Two weeks on from the publication of DECC’s consultation on reforming Feed-in-Tariff (FIT) levels for solar PV, and the industry and political row rumbles on.
DECC’s decision to slash the tariff rate for solar PV installations from 43p/kWh to 21p/kWh with just six weeks notice has caused outrage in the solar industry.
The Minister in charge, Greg Barker, is no doubt licking his wounds. For a sincere supporter of decentralised renewables, to have been forced into cuts such as these in order to avoid breaching a Treasury imposed cap on spending must be galling. It is of course difficult to have any sympathy given the inept and damaging way in which the Government seeks to introduce the changes. DECC’s decision to apply the new tariffs rates to all installations after 12 December – 11 days before the consultation even ends, has left it open to judicial review, and businesses in turmoil.
At the heart of the row is the innocuous sounding ‘Control Framework for DECC levy-funded spending’. The framework was created by the Treasury and essentially acts as a cap – set for the duration of the spending review – on the costs of most policies paid for through household energy bills. ‘Most’ is a key word here – the cap only applies to those policies classified by the Office for National Statistics as ‘tax and spend’, rather than regulation. (The question of whether arcane decisions by the ONS should be able to dictate the longevity of key policies is one for another blog post.)
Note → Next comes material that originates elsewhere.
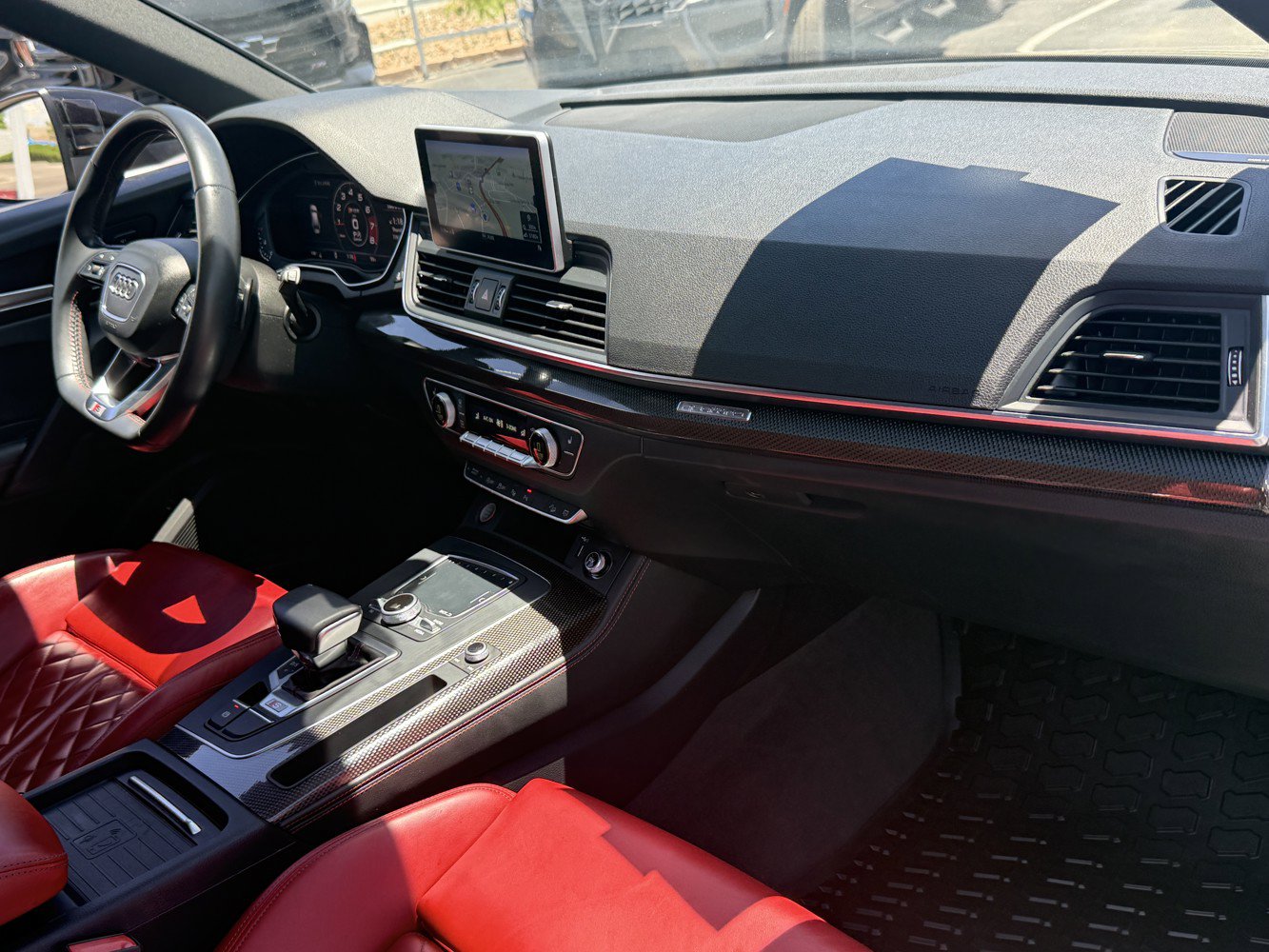 Used 2019 Audi SQ5 Prestige w/ Prestige Package AWD/4WD image 28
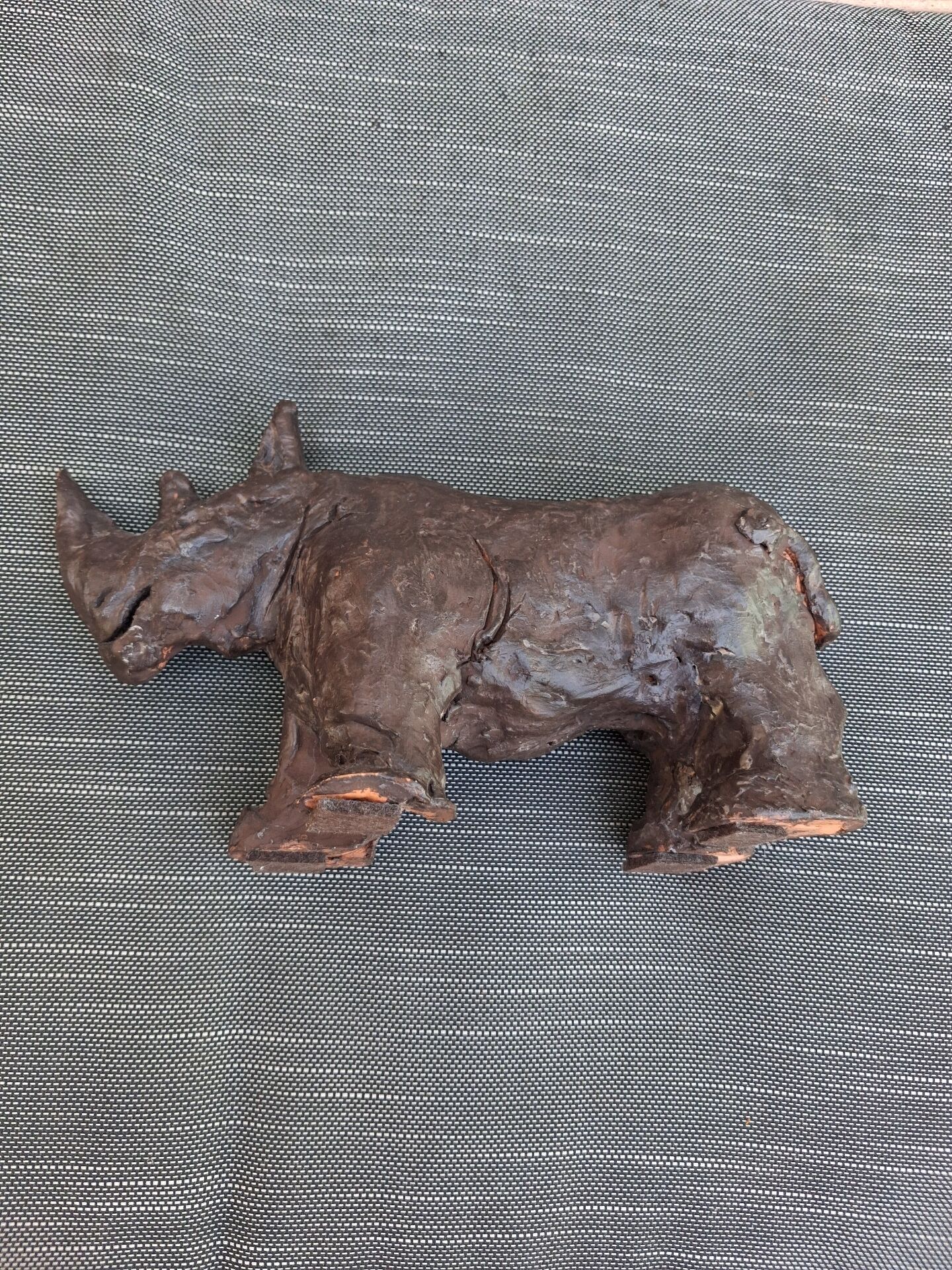 Sculpture hippopotame terre cuite patinée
The £11.8bn of funding allowed under the cap between 2011 and 2015 has, essentially, been allocated. What does this mean for the rest of the energy sector? A quick reflection on just two policies gives cause for concern.
Firstly, the Energy Companies Obligation (ECO), the Government’s method of funding energy efficiency for poorer households. The Government has put much emphasis on the importance of ECO for making the Green Deal energy efficiency programme work for fuel poor households.
ECO’s two predecessors, the catchily titled CERT and CESP, count as ‘regulation’ and so are outside of the cap. But it is difficult to see that ECO will not be classed as ‘tax and spend’ given that it is essentially a mechanism for raising and distributing cash. It’s perfectly possible that Treasury will just allow DECC to simply raise the cap level to accommodate ECO. But will George Osborne be willing to sign off on yet another policy that will add potentially £2bn a year to hard pressed consumers energy bills? One can imagine his special advisors will have something to say about the likely Daily Mail headlines.
Secondly, and in the longer term, the experience of the last few weeks should be ringing alarm bells over electricity market reform. DECC’s own Q&A on the issue says it is too early to say whether EMR measures will be classified as levies and therefore subject to the framework. But unless Government intends to fund the new Feed-in-Tariffs for large scale renewables through direct taxation (which is certainly a possibility, though of course one with its own investor confidence issues), the money will have to come straight from energy bills.
So what might happen if we end up with levels of offshore wind that see a spending cap exceeded? Or if half way through a planning application for a nuclear power station, the cap is met?
This may be a somewhat crude characterisation, but it is difficult to believe that international businesses considering multi billion pound investments in electricity generation projects in the UK will not look at what has happened to solar in recent weeks.
Investor certainty is at a low point in the UK energy market – just at the time when we desperately need new projects coming forwards. The Government has made much noise recently about the role of infrastructure investment in delivering growth. If this is more than window-dressing for George Osborne, he might want to consider how his department, and DECC, can work in a way that attracts, rather than deters, investors to our energy sector.